In 1905, he returned
to Freike. During an ensuing six-year period of solitude, he published,
in Arabic, two volumes of essays, a book of allegoriesand a few
short stories and plays. Additionally, he lectured at the American
University of Beirut, and in other institutions in Lebanon, as well
as in the cities of Homs and Damascus. He also worked, along with
other national leaders, for the liberation of his country from Turkish
rule. In 1910, he published Al-Rihaniyyat, the book that established
him as a forward thinker and visionary. As a result of Al-Rihaniyyat,
the Egyptian media hailed him as "The Philosopher of Freike".

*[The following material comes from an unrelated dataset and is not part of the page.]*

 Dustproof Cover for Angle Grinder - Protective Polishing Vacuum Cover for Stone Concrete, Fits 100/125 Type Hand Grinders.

The Book of Khalid was written during this same period of mountain
solitude and was later published in 1911 after he returned to New
York. The illustrations for this book, which was the first English
novel ever written by a Lebanese-Arab, were provided by Khalil Gibran.
In 1916, Ameen Rihani
married Bertha Case, an American artist who was part of the Matisse,
Picasso, Cézanne, and Derain group who frequently worked together
in Paris and in the Midi and exhibited their works at the Salon
de Mai. In 1917, Rihani met with Theodore Roosevelt, former president
of the United states concerning the Palestinian case.
In 1921, he served
as the only Near Eastern member of the Reduction of Armaments
Conference in Washington D.C.
During the period between 1910
and 1922, Rihani became remarkably involved politically
while continuing to pursue a productive literary life. Among the
books that he published during that period were Zanbakat-ul-Ghawr
- a novel in Arabic, The Luzumiyyat - a translation of Arabic poetry
into English, The Path of Vision - essays in English, A Chant of
Mystics - poetry in English. In 1922, Rihani traveled throughout
Arabia, meeting and getting better acquainted with its rulers. He
was the only traveler at that time, European or Arab, to have covered
that whole territory in one trip. Between 1924 and 1932, he wrote
and published six books in English and Arabic related to the trips
he made to Arabia. During that same time, he also published another
four books in Arabic, and delivered numerous
speeches in Lebanon, in the Arab World, and in the United States.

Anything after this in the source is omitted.